* What is required
After locating the line that contains "Snapshot of valeriaswang_Lucas" in the records below, write out exactly that line and each line after it through the one that contains "Huset fremstår pent", and nothing else.

* Short text fragments from websites
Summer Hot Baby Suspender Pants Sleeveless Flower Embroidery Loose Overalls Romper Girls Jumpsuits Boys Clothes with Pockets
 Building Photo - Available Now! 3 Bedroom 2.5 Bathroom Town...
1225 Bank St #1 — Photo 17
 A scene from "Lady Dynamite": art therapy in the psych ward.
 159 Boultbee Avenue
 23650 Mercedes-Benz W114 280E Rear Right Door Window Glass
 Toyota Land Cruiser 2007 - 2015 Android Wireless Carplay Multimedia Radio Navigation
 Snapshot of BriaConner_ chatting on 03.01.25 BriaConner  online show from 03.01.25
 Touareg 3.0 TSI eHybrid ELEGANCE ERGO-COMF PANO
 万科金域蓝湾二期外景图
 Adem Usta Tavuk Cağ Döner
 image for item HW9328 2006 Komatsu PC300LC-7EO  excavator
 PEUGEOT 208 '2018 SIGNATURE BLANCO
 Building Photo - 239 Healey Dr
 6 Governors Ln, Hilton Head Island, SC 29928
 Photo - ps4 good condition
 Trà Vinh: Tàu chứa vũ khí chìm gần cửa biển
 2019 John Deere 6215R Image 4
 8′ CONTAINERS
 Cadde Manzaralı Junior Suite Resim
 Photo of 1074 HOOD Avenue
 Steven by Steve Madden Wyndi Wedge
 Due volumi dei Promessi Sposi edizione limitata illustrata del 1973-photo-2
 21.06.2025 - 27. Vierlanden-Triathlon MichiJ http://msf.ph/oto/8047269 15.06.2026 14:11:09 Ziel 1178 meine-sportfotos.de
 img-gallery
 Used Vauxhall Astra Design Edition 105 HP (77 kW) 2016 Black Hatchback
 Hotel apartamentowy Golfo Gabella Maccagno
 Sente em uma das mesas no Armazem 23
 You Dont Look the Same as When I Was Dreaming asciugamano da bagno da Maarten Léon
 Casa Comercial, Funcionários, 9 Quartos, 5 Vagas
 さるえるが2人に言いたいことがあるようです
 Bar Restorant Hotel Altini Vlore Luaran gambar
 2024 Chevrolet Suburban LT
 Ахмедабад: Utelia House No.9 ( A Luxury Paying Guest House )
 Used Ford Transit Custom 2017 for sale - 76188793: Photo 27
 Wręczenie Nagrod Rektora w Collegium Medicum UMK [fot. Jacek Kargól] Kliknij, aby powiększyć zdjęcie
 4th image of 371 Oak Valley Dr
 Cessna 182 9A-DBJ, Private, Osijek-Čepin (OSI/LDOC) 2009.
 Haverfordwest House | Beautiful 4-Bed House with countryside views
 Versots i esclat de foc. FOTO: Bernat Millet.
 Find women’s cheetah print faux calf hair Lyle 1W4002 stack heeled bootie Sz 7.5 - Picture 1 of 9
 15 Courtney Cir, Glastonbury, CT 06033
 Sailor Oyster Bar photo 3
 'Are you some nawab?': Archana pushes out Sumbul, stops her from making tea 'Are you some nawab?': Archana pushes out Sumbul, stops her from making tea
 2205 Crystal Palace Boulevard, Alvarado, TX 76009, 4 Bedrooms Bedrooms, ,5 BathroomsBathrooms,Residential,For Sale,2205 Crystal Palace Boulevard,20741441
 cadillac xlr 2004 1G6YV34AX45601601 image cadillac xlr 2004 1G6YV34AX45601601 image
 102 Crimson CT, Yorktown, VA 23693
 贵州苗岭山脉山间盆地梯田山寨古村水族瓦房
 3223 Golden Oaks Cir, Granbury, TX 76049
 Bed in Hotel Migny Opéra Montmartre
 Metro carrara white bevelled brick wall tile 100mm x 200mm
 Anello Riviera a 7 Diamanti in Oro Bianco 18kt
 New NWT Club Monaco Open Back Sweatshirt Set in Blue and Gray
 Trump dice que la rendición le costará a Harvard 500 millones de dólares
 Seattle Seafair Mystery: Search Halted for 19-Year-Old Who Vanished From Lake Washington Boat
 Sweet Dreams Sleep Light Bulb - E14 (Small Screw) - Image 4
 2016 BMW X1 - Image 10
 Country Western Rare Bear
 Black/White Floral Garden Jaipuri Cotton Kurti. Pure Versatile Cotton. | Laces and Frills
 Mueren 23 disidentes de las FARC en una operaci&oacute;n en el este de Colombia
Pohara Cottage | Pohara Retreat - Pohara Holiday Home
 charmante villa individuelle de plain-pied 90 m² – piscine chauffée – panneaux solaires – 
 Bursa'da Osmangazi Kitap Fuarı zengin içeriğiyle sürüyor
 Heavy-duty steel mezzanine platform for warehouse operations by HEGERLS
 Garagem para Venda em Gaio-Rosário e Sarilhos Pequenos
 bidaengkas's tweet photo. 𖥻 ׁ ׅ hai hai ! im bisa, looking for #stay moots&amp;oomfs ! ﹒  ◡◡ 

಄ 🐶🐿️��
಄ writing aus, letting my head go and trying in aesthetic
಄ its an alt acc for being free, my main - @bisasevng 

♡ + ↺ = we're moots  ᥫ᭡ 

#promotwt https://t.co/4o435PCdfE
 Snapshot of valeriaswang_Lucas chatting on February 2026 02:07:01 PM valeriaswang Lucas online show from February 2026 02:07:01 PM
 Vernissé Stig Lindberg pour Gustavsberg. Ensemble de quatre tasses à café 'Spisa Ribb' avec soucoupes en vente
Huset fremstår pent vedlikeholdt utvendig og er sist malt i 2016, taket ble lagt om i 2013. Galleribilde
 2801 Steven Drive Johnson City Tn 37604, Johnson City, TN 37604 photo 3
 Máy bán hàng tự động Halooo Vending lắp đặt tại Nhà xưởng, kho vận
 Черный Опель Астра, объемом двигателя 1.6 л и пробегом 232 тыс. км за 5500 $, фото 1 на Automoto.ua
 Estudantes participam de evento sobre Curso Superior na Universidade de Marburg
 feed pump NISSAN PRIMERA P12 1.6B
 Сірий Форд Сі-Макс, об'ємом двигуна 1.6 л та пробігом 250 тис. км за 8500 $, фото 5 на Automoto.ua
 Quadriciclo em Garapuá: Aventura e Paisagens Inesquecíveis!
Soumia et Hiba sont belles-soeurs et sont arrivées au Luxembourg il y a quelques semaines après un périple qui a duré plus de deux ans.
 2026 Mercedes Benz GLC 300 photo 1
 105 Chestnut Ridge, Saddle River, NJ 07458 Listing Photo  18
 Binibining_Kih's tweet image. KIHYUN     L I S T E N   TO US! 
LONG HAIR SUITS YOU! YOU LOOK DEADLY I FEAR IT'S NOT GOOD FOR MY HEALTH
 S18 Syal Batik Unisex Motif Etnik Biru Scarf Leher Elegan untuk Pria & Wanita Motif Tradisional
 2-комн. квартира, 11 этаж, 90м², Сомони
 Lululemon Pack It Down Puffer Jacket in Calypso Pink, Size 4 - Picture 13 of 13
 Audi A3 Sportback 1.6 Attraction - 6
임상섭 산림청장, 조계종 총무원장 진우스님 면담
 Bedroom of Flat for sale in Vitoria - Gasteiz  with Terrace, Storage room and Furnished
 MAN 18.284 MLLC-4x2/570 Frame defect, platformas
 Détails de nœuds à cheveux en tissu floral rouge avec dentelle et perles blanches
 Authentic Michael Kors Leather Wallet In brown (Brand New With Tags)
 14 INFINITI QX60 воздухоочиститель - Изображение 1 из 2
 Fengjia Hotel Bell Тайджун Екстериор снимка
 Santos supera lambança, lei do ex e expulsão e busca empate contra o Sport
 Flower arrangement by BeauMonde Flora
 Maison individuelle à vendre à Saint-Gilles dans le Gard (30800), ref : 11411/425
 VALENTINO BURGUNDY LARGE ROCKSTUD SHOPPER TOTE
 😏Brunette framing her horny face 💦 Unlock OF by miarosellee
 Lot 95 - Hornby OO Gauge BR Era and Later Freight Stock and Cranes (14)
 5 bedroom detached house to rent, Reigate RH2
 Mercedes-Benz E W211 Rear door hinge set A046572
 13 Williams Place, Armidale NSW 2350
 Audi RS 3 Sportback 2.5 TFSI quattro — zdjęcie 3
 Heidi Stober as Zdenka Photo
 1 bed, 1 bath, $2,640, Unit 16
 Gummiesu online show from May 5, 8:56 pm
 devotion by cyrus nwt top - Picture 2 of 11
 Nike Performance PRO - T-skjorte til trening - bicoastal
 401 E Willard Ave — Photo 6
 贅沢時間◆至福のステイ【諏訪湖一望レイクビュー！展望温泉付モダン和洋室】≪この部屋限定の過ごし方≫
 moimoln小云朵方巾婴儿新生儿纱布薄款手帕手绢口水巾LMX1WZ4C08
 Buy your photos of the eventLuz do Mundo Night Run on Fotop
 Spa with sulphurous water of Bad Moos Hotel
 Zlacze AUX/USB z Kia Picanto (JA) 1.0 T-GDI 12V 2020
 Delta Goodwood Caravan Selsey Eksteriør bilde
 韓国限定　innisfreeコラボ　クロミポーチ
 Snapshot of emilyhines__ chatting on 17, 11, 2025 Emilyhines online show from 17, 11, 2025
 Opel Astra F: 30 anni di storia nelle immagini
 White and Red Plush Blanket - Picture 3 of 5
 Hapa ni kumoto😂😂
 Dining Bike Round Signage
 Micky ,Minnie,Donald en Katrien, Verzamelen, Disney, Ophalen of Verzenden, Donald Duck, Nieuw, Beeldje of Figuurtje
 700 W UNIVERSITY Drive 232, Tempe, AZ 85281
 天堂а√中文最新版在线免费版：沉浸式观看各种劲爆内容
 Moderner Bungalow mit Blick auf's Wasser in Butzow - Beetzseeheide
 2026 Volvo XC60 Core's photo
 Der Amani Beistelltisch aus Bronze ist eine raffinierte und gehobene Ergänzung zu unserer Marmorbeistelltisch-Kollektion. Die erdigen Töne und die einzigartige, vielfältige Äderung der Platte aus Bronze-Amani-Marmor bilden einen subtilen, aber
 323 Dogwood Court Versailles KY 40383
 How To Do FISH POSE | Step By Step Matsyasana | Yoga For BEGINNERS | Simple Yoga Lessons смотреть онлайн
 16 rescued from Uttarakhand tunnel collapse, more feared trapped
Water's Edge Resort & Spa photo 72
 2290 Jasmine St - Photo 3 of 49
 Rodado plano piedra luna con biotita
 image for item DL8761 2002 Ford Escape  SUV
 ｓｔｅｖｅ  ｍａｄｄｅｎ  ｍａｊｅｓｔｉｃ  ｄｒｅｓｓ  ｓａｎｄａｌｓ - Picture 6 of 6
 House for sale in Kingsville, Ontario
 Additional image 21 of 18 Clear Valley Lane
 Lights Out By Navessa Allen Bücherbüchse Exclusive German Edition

* Solved problem
 Snapshot of valeriaswang_Lucas chatting on February 2026 02:07:01 PM valeriaswang Lucas online show from February 2026 02:07:01 PM
 Vernissé Stig Lindberg pour Gustavsberg. Ensemble de quatre tasses à café 'Spisa Ribb' avec soucoupes en vente
Huset fremstår pent vedlikeholdt utvendig og er sist malt i 2016, taket ble lagt om i 2013. Galleribilde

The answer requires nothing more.